The Asian nation secured 37-month loan agreement with the IMF, following confirmation of $12 billion in bilateral loans from Saudi Arabia, China, and the UAE. Pakistan owes $5 billion to Saudi Arabia, $4 billion to China, and $3 billion to the UAE.

Pakistan got $2 billion in external financing through Saudi oil facilities, a $400 million ITFC facility from the IsDB, and support from Standard Chartered Bank and other Middle Eastern banks for the IMF funding.

The country of over 242 million has long depended on IMF programs, often facing sovereign default and seeking assistance from the UAE and Saudi Arabia to meet financial targets.

The exact terms of bailout package will be revealed soon, with experts linking the development with more positive outcomes at economic level. Islamabad struggled to negotiate such favorable terms and expressed hope that this program could mark Pakistan’s last engagement with the IMF, contingent upon the implementation of crucial structural reforms.

The bailout follows staff-level agreement reached in July for an extended fund facility (EFF) of approximately $7 billion. The economy of fifth most populated country is currently grappling with several issues including inflation and 2022 flooding. Facing dwindling foreign currency reserves, the country found itself in a debt crisis and sought assistance from the IMF, securing its first emergency loan in the summer last year.

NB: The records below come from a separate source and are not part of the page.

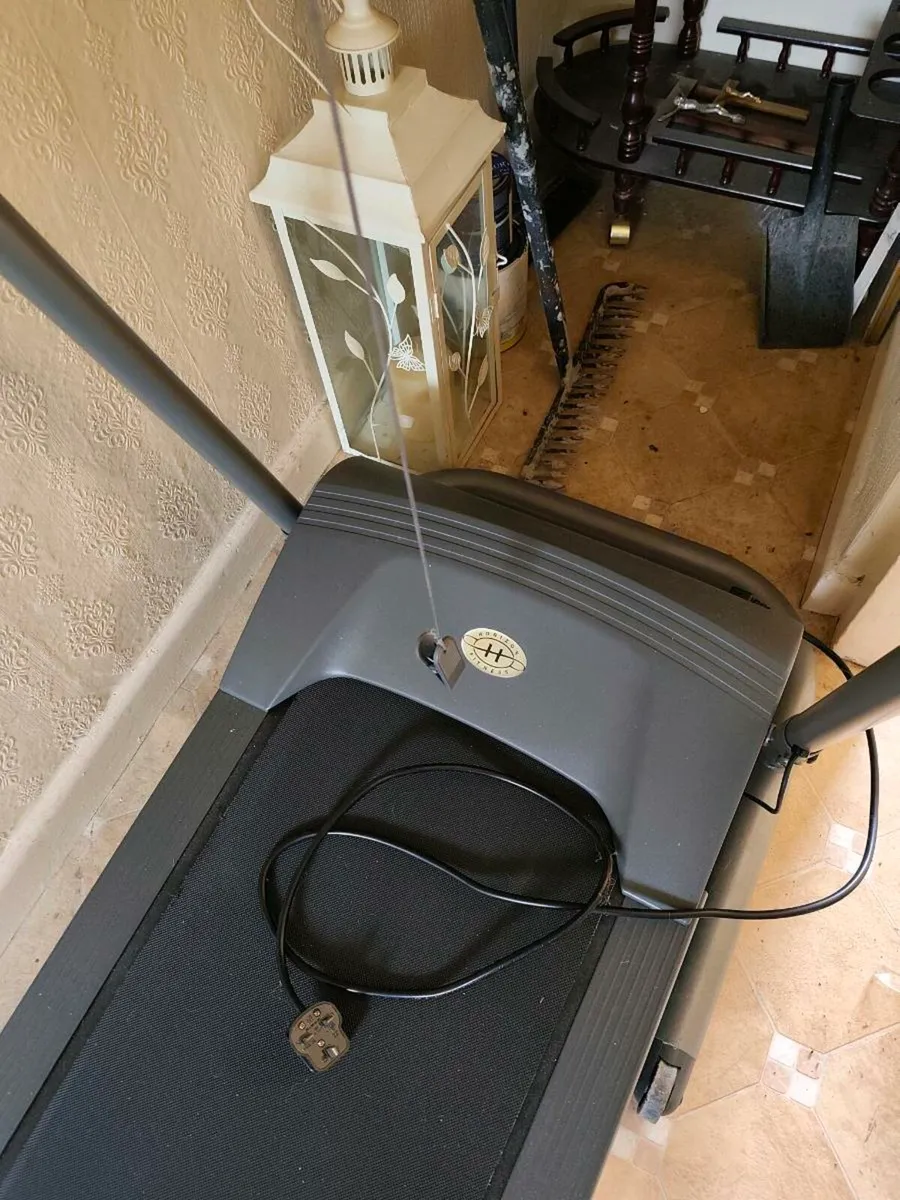 Treadmill - Image 3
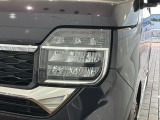LEDヘッドライトは、点灯の瞬間から最大光量を発揮し、突然暗くなるトンネルなどでの安定感を高めます。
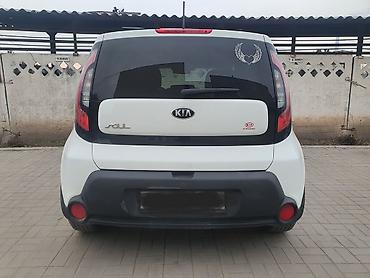 11000: Kia Soul: 2016 г., 1.6 л, Автомат, Бензин, Минивэн — 3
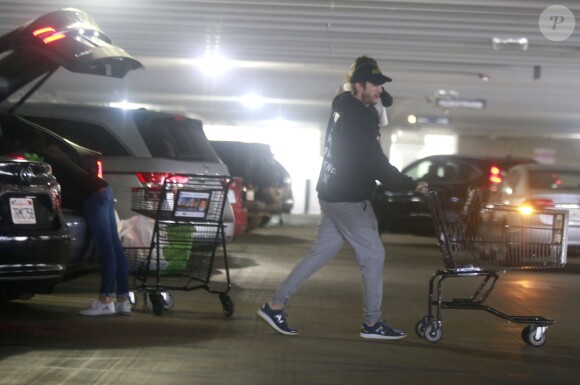 Exclusif - Ashton Kutcher et sa femme Mila Kunis avec leurs enfants Wyatt et Dimitri sont allés prendre le petit-déjeuner dans le quartier de Studio City et sont allés faire des courses chez Ralph's à Los Angeles, Californie, Etats-Unis, le 26 décembre 2016.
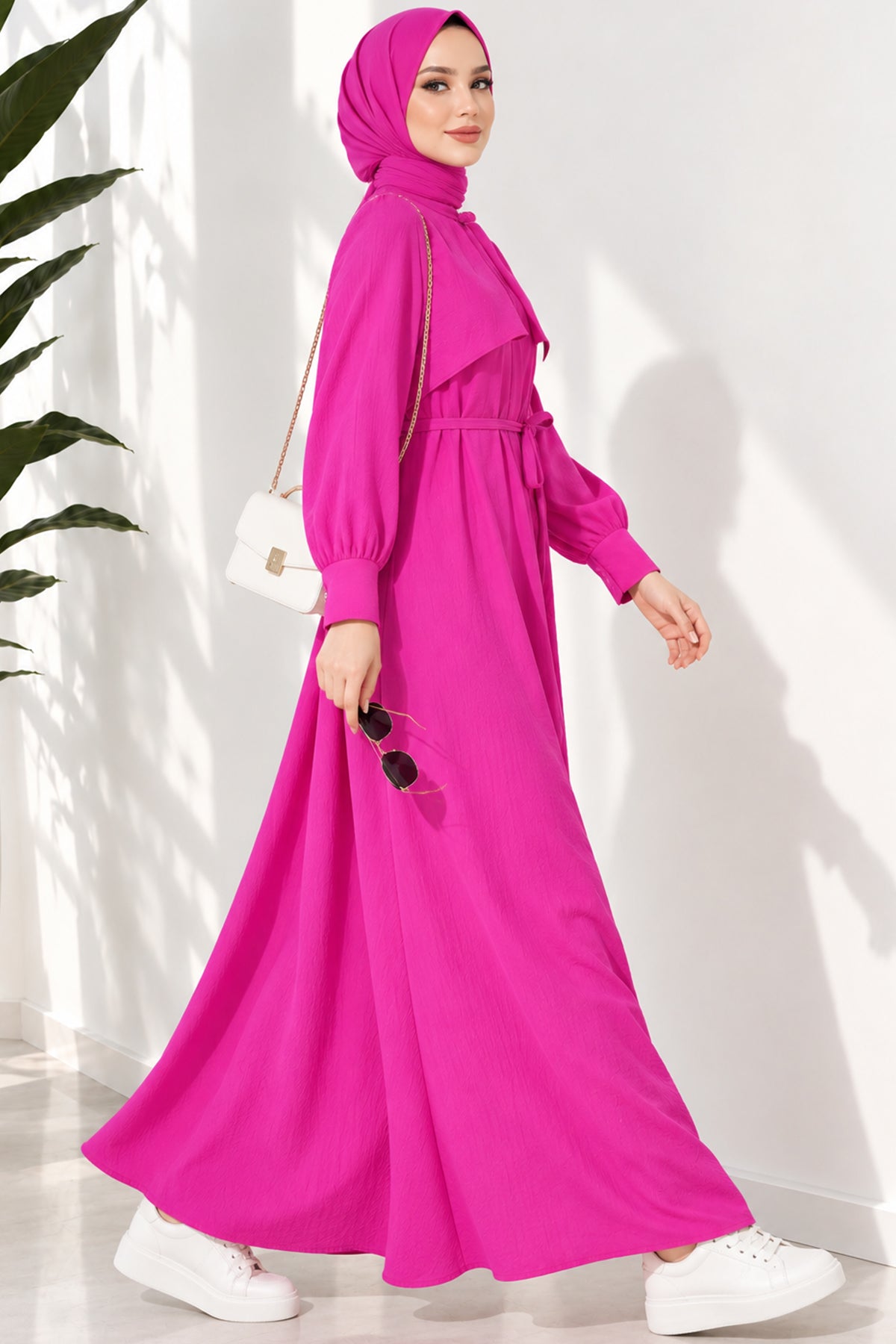 Kleid mit Seilgürtel und Stückdetail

The latest bailout package requires government to commit to implementing reforms, particularly aimed at broadening the tax base. If the government meets its commitments, the funds will be disbursed over the next three years.

IMF stated that the new program is designed to enhance macroeconomic stability and foster inclusive growth, with key reforms focusing on strengthening fiscal and monetary policies, improving the management of state-owned enterprises, and expanding social protection through welfare programs.